Instructions for the task ::
What you return must match the records word for word, except that pictures are dropped.

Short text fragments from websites
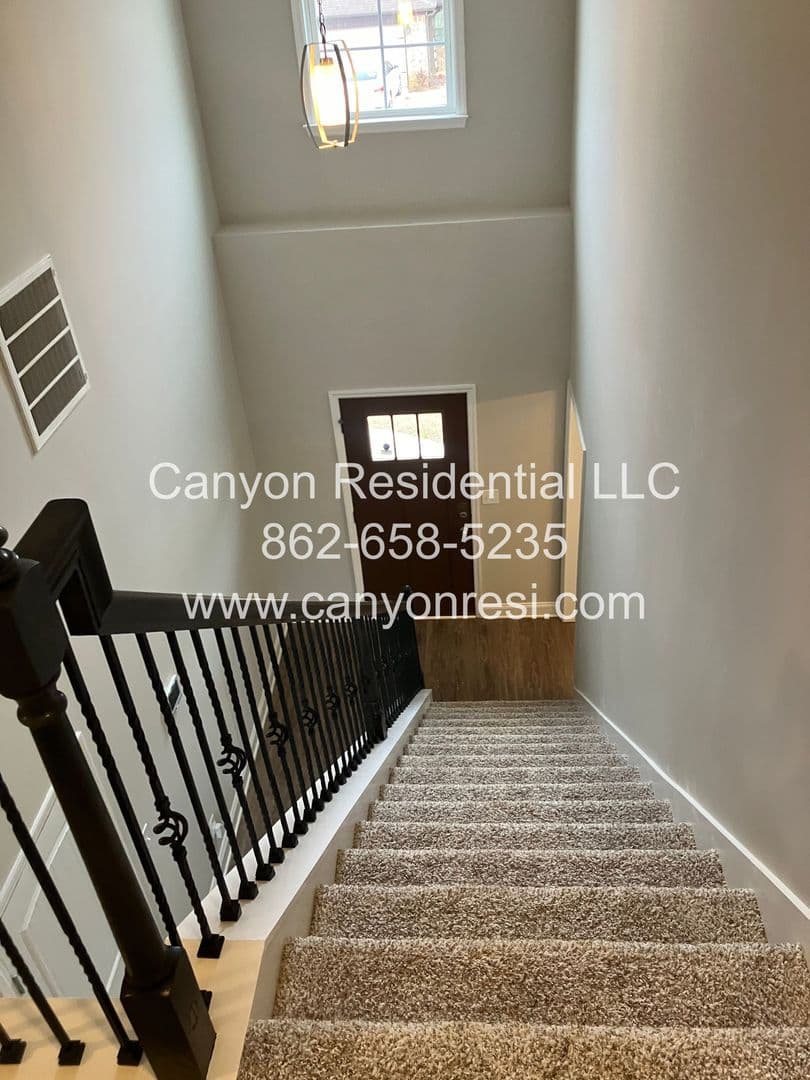 Toney House: 128 Ocean Spring Ave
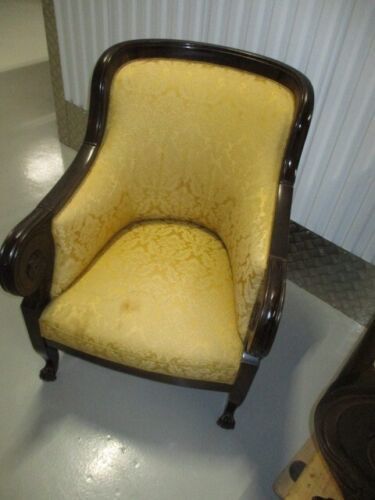 Edles sehr großes Sofa um 1900 mit einem Sessel goldgelber Bezug in Irxleben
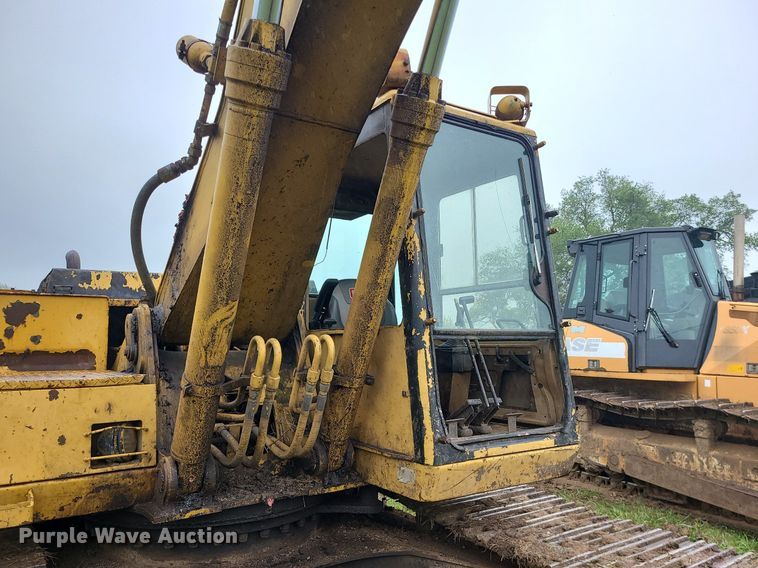 image for item LE9065 1990 Caterpillar EL200B  excavator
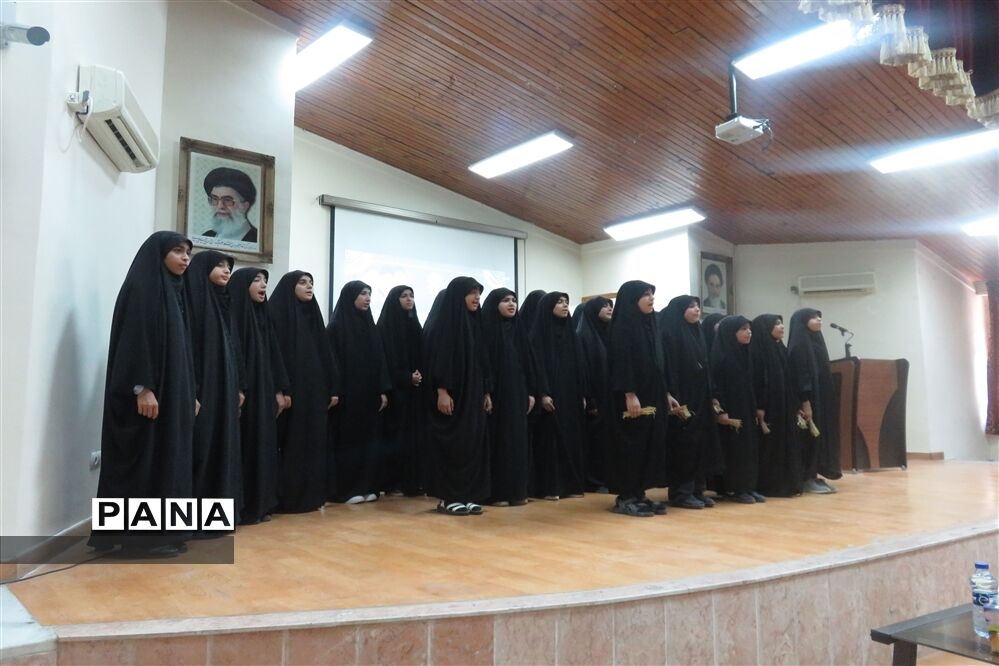 همایش تجلیل از کارمندان نمونه و دانش آموزان نخبه در میاندورود
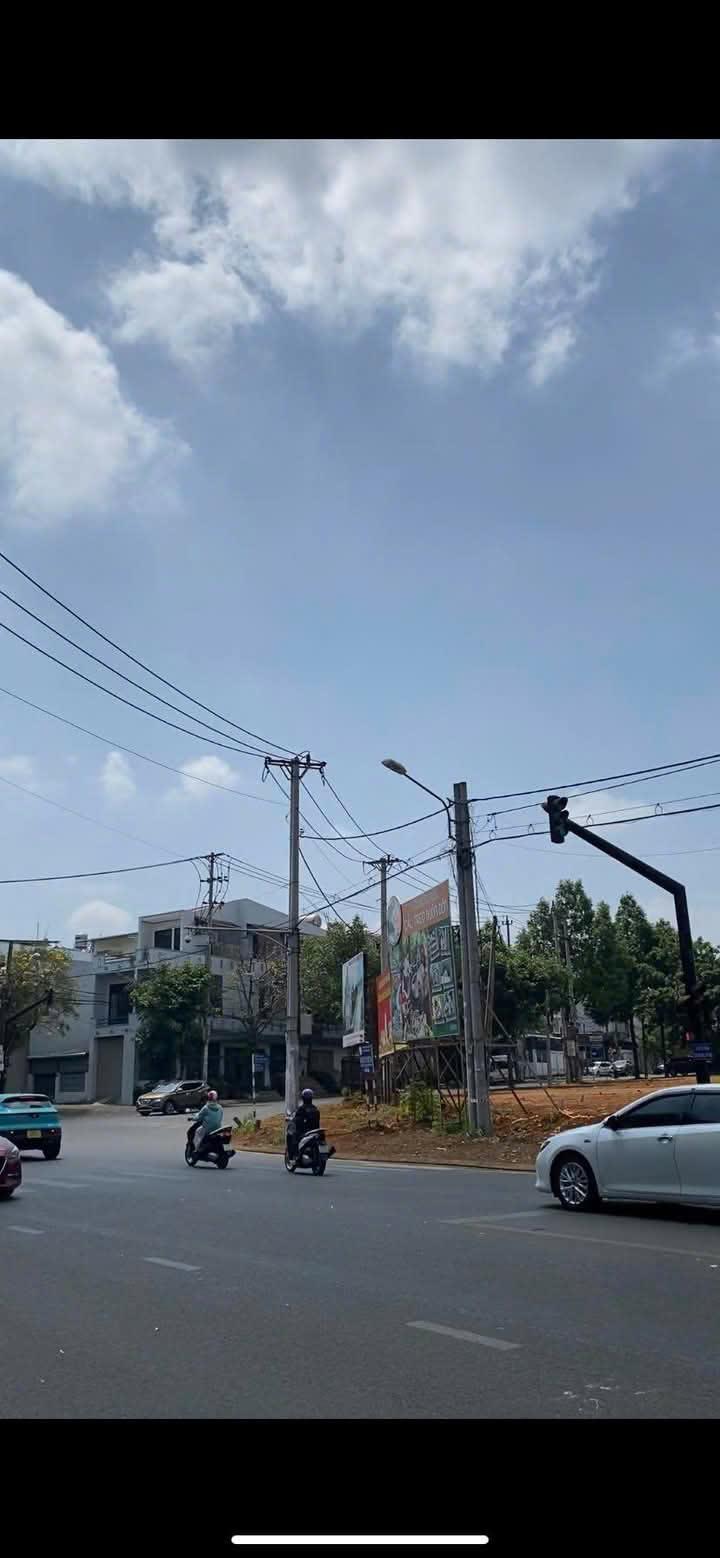 CẦN BÁN NHANH LÔ ĐẤT 2 MẶT TIỀN TẠI P.Thành Nhất, TP.Buôn Ma Thuột ,tỉnh Đắk Lắk2596910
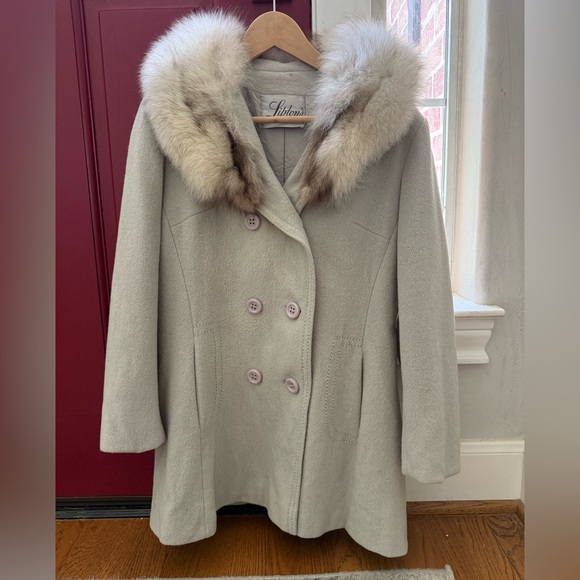 Vintage Lipton’s Women's Gray Coat with Fur Collar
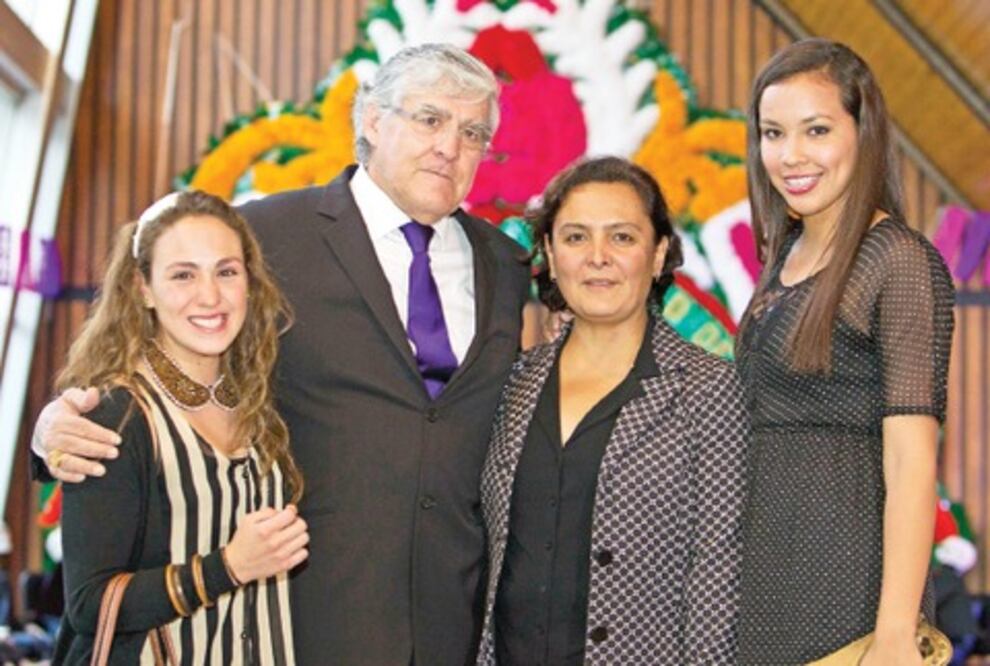 ANV reconoce a nadadores destacados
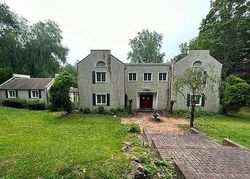 Bank Foreclosures in OYSTER BAY, NY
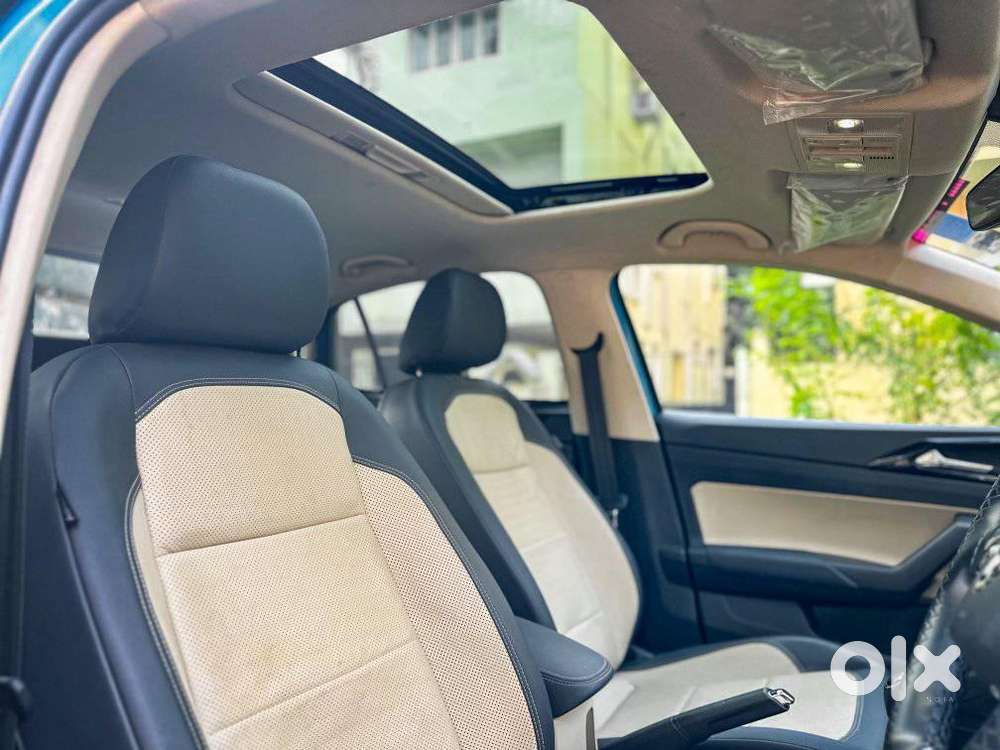 Skoda Slavia Style 1.0l Tsi Mt, 2023, Petrol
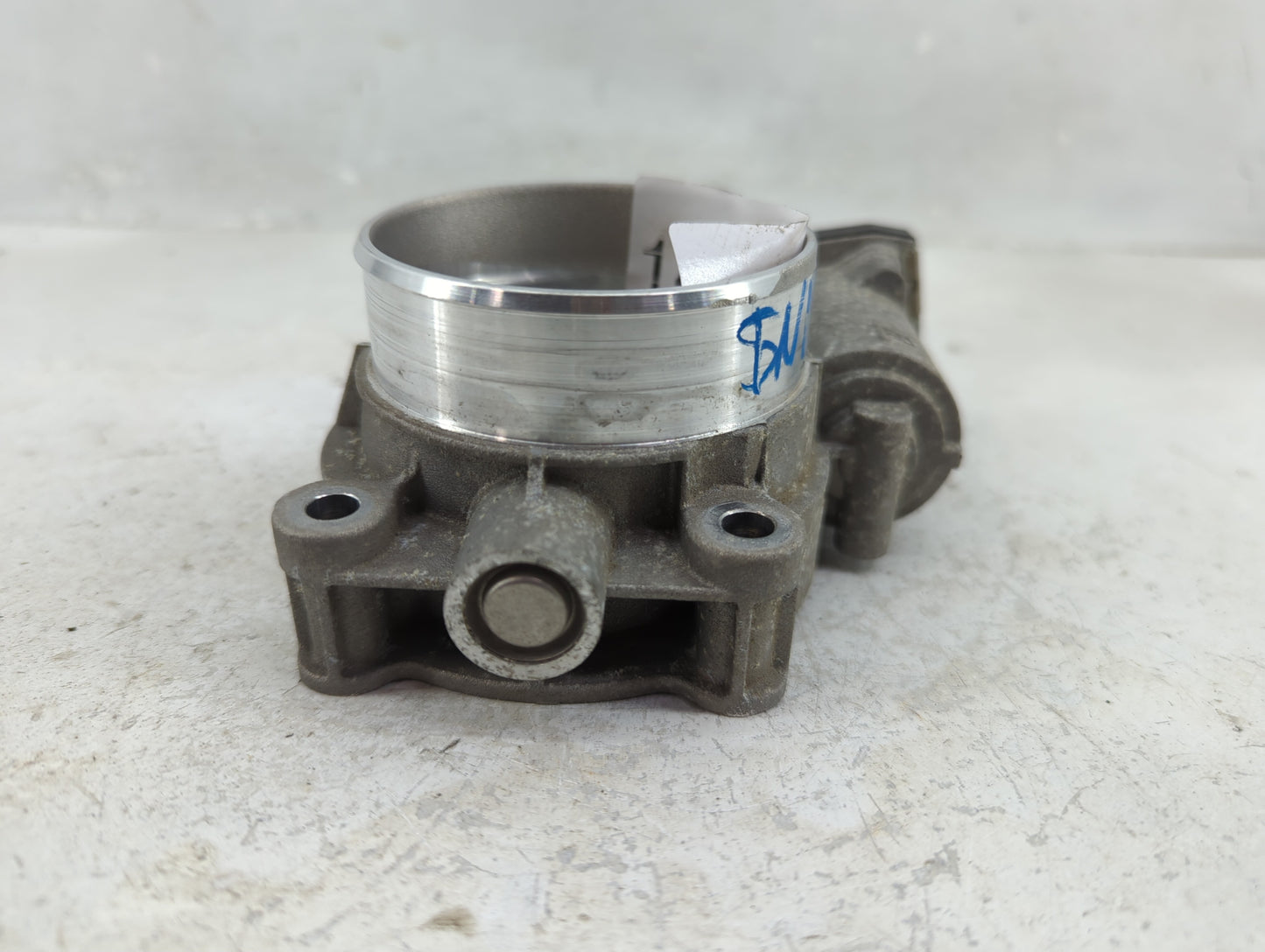 2016-2021 Chevrolet Camaro Throttle Body P/N:1267 1014 Fits Fits 2014 2015 2016 2017 2018 2019 2020 2021 2022 OEM Used Auto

Written reply ::
 Toney House: 128 Ocean Spring Ave
 Edles sehr großes Sofa um 1900 mit einem Sessel goldgelber Bezug in Irxleben
 image for item LE9065 1990 Caterpillar EL200B  excavator
 همایش تجلیل از کارمندان نمونه و دانش آموزان نخبه در میاندورود
 CẦN BÁN NHANH LÔ ĐẤT 2 MẶT TIỀN TẠI P.Thành Nhất, TP.Buôn Ma Thuột ,tỉnh Đắk Lắk2596910
 Vintage Lipton’s Women's Gray Coat with Fur Collar
 ANV reconoce a nadadores destacados
 Bank Foreclosures in OYSTER BAY, NY
 Skoda Slavia Style 1.0l Tsi Mt, 2023, Petrol
 2016-2021 Chevrolet Camaro Throttle Body P/N:1267 1014 Fits Fits 2014 2015 2016 2017 2018 2019 2020 2021 2022 OEM Used Auto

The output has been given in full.